This is a simple experiment to see whether I can do a simple machine learning task (training an MNIST classifier) with a custom optimizer that only using the sign of each gradient.
See my blog post about Adam (link to be added) for an in-depth discussion of why I wanted to try out this optimizer.
The MNIST dataset is not included in this repo. You will need to download it from Kaggle. Go to Kaggle's MNIST page, click "Download" in the upper right, and click "Download dataset as zip". Save the dataset in the repo folder and unzip it.
MNIST is a computer vision dataset consisting of bitmaps of handwritten digits; the challenge is to train a classifier to recognize the digit (0-9) from the bitmap. See Kaggle for more information on the dataset.
The model is a bog-standard convolutional neural network with ~60K parameters. I use:
- hierarchical downsampling with max pooling
- batch normalization and dropout for regularization
- a total of 8 convolutional layers.
I train an MNIST classifier using three optimizers: my custom optimizer GradSign, stochastic gradient descent, and Adam.
All three training runs use the same model architecture. I can't use the same learning rate, since the scale of the learning rate is different for each optimizer.

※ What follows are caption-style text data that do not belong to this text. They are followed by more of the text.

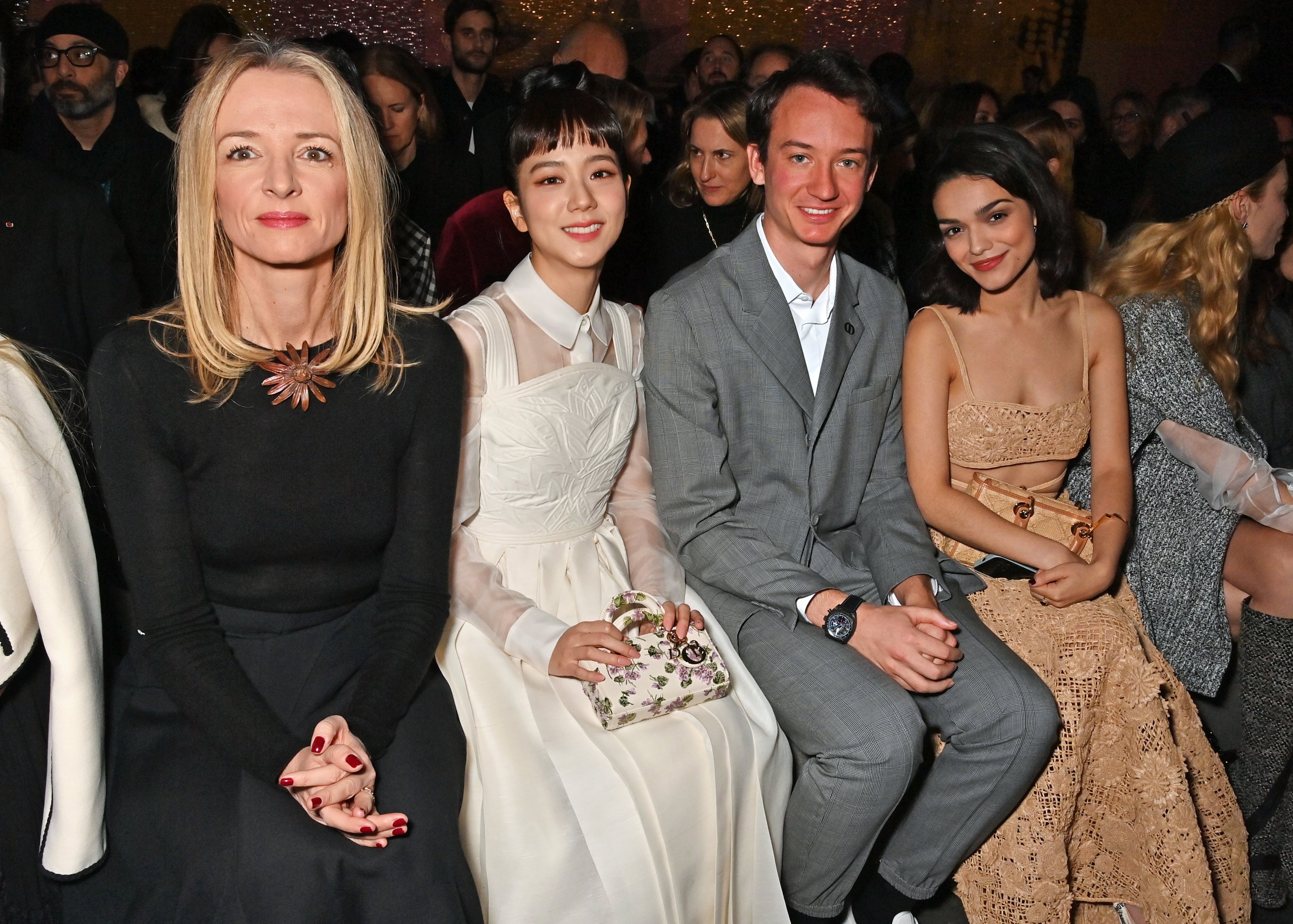 PARIS, FRANCE - JANUARY 23: (L to R) Delphine Arnault, Jisoo, TAG Heuer CEO Frederic Arnault and Rachel Zegler attend the Christian Dior front row during Paris Fashion Week Haute Couture Spring Summer 2023 on January 23, 2023 in Paris, France. (Photo by David M. Benett/Dave Benett/Getty Images)
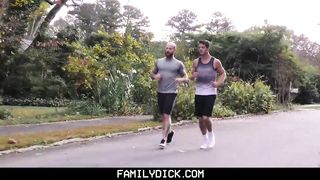 Older tattooed muscle daddy coaches virgin step son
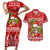 Hawaii Tiki Christmas Couples Matching Short Sleeve Bodycon Dress and Hawaiian Shirt Mele Kalikimaka LT7 Red - Polynesian Pride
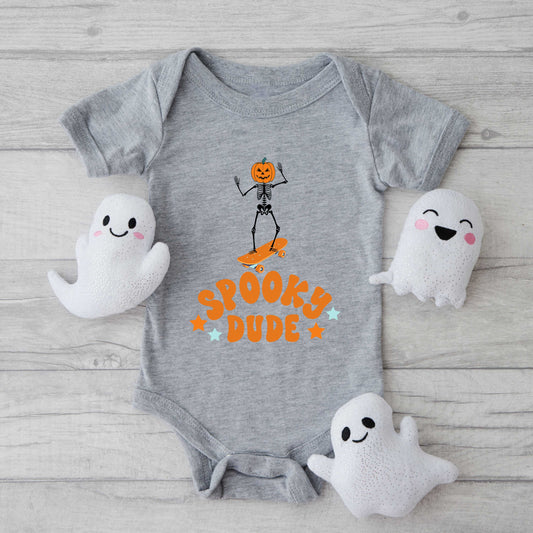 Spooky Dude Skeleton | Baby Graphic Short Sleeve Bodysuit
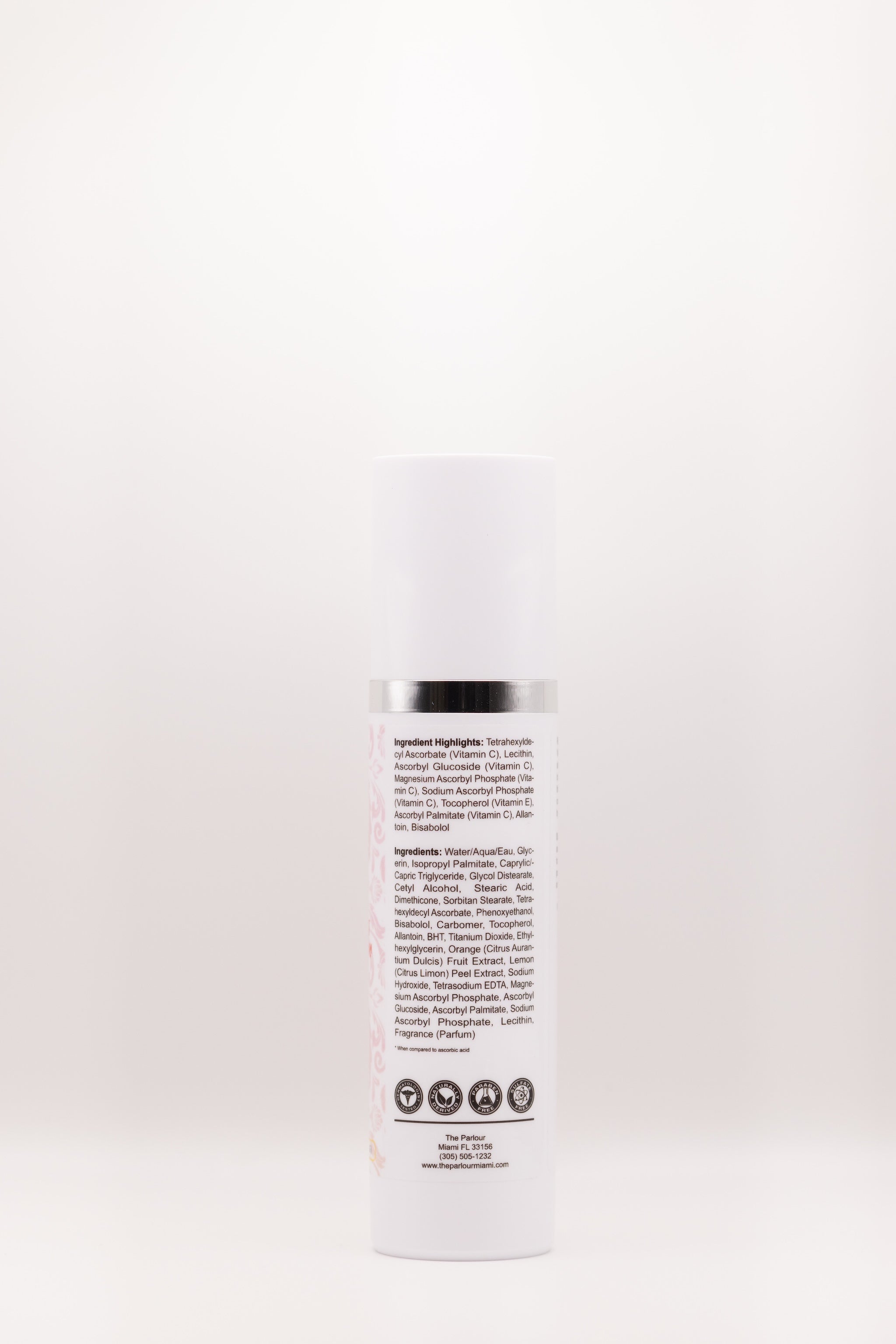 Ingredient list on Bright Burst Supercharged C Cream by The Parlour featuring stabilized Vitamin C complex, Vitamin E, Allantoin, and Bisabolol for brightening and antioxidant support
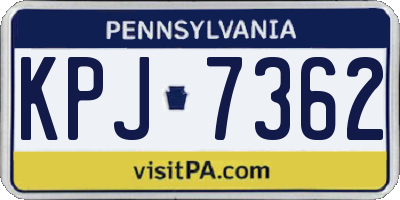 PA license plate KPJ7362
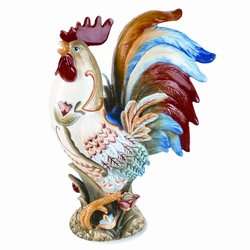 FITZ & FLOYD Glennbrook Rooster Figurine X Tra Large 18 7/8 Tall New 
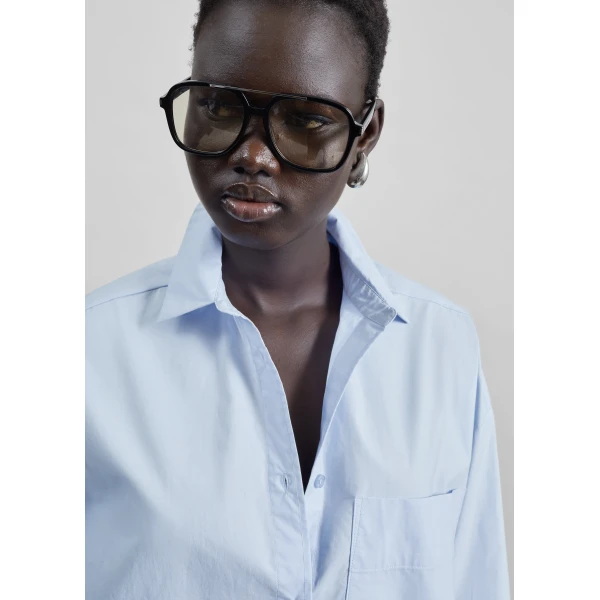 The Frankie Shop Derris Cotton Shirt – Periwinkle Blue, view 4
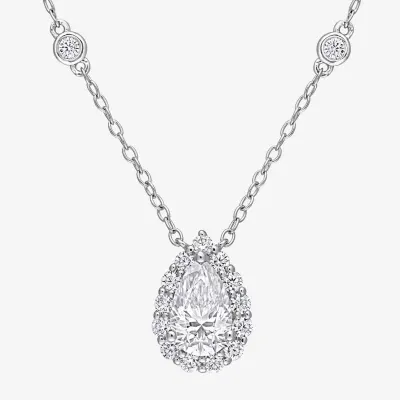 Womens 1 1/2 CT. T.W. Lab Created White Moissanite Sterling Silver 18 Inch Pendant Necklace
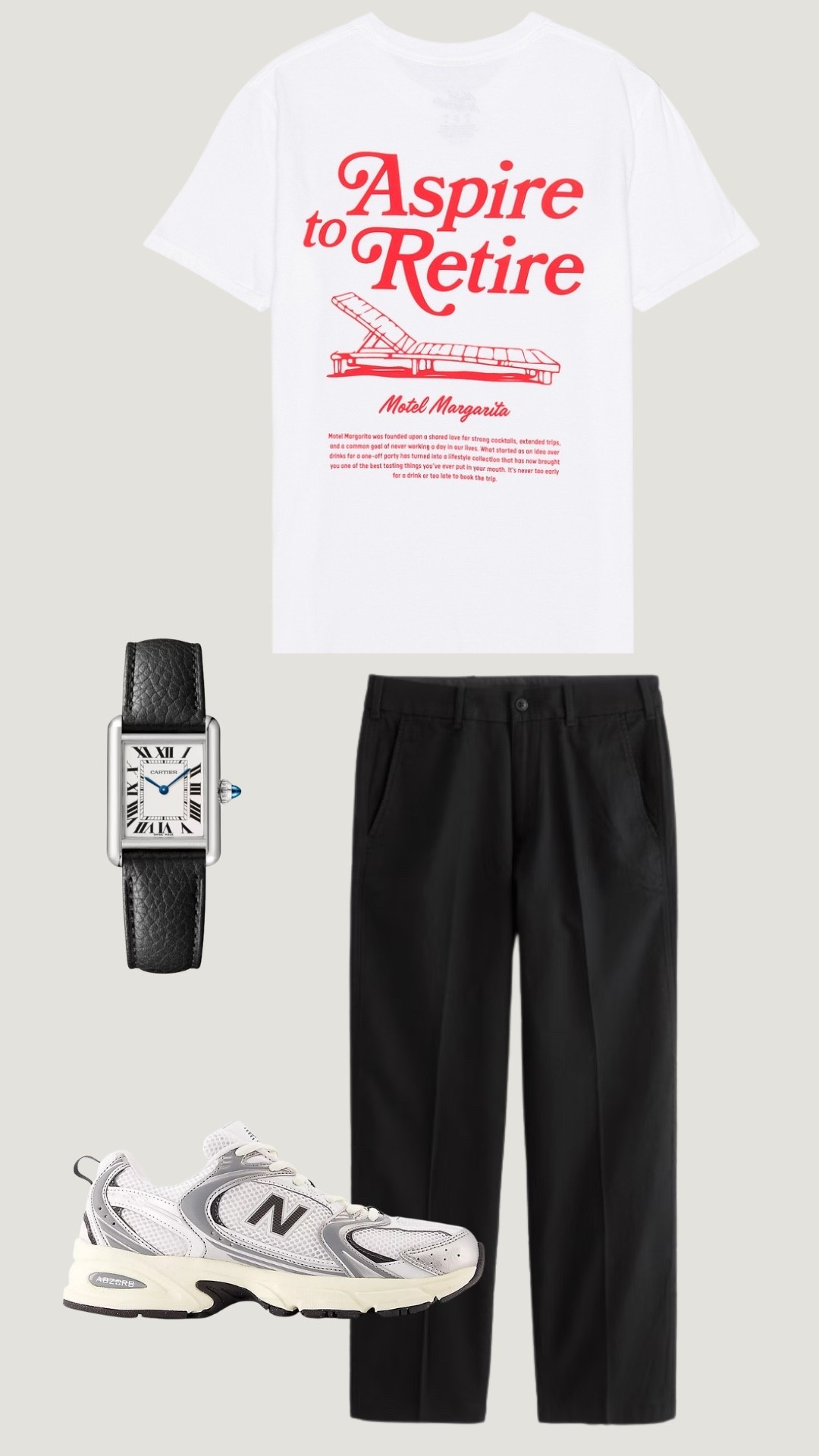 Graphic tee + tailored trousers + 530s is the formula right now. The Motel Margarita tee brings the personality, the Cartier Tank brings the flex. Everything's linked — including some budget-friendly alternatives. 🤍

#mensfashion #ootdmen #graphictee #newbalance530 #newbalancemen #cartiertank #streetstylemen #menscasualwear #guystyle #mensstyleinspo #casualcool #sneakerstyle #outfitgoals #mensfashionblogger #ltkcreator

#LTKdayinmylife #LTKFestival #LTKMens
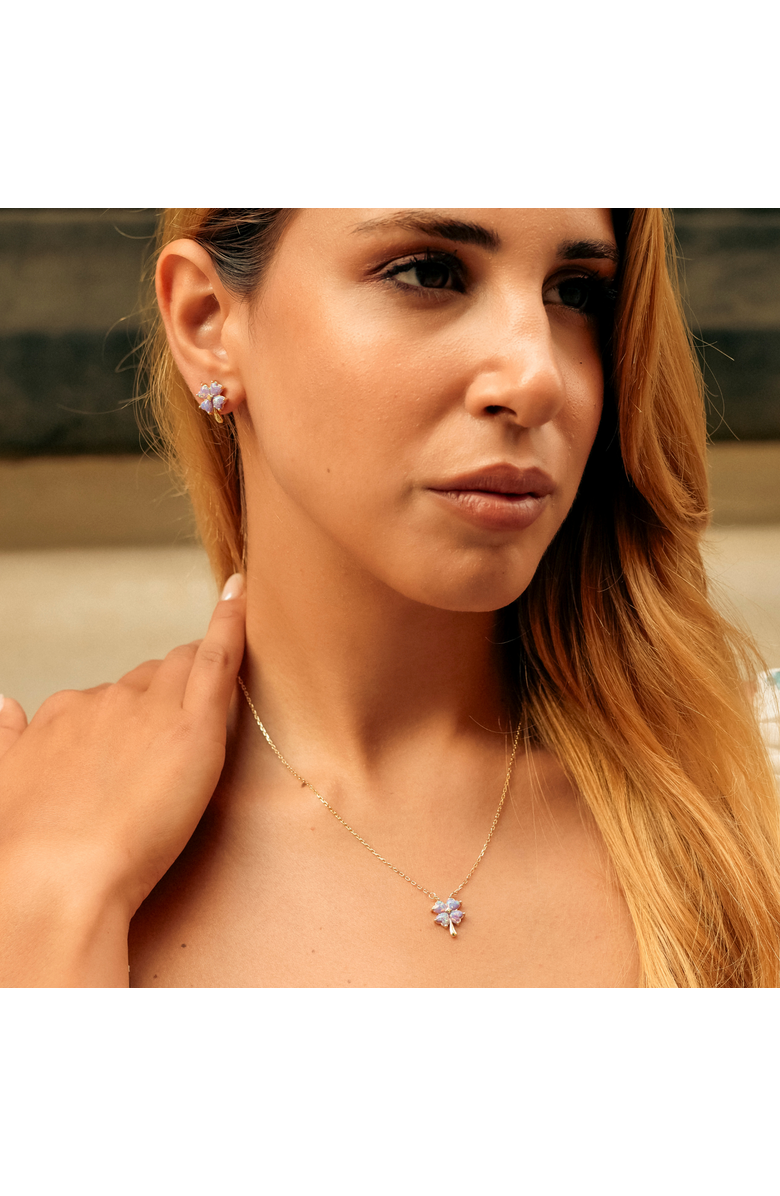 Spero London Purple Opal Four Leaf Clover Sterling Silver Necklace, Alternate, color, Gold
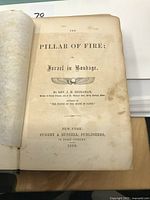 Photo of the title page showing book title, author Rev. J. L. Ingraham, publisher Pudney & Russell, New York, 1859 publication date.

Instead, for each optimizer I sweep over some reasonable values for the learning rate, and choose the best one.
In each iteration, I train on 1000 batches with a batch size of 32. (I'm deliberately testing the optimizers on an unusually short training run: I want to test whether the optimizer can achieve good performance quickly.)
| Optimizer | Best LR | Accuracy |
|---|---|---|
| GradSign | 0.003 | 98.29 % |
| Adam | 0.003 | 98.2 % |
| SGD | 0.03 | 98.6 % |
With this architecture and hyperparameters, all three optimizers get good results (over 98% accuracy on the validation set). The relative performance among the three seems to be dependent on randomness (see the section on "reproducibility" below).
Learning rate scale: The best learning rates turn out to be the same for GradSign and Adam, and very different for SGD. See my blog post (link to be added) for some speculation as to why: in short, the learning rate has the same units for GradSign as for Adam.
Why doesn't Adam work better? Adam is supposed to outperform SGD for large, complex models. I suspect this simple 60K-parameter convolutional network just isn't big enough for Adam to shine:
- Adam does well when the scale of the gradient varies across layers. But this is a small network, and activations are more or less held to the same scale by batch normalization.
- Adam handles sparse gradients well; I expect sparse gradients to be a bigger problem in larger networks, and in more complex datasets.
The notebook you see on branch 'public' was run on an older x86 Macbook Pro, from a Conda environment running Python 3.12.7 and Pytorch 2.3.1. Just for fun, I repeated the experiment on a newer Linux machine (Python 3.14, Pytorch 2.11), and the results were substantially different. (See branch 'linux'.) For example, GradSign now achieves 98.4% accuracy on the test data, up from 98.29%.
I did some sleuthing, and surprisingly, the discrepancy seems to be entirely due to numerical instability. Both systems iterate through the training data in the same order, and they initialize the models to the same weights. I hunted down the first discrepancy in the GradSign training run: A single gradient was computed as +8.0e-8 on one system, and -2.5e-8 on the other. The two versions run two different CPU kernels, with algorithms that are mathematically equivalent but numerically different. Over a long training run, those differences propagate, resulting in a discrepancy of 0.1% or more in the final evaluation.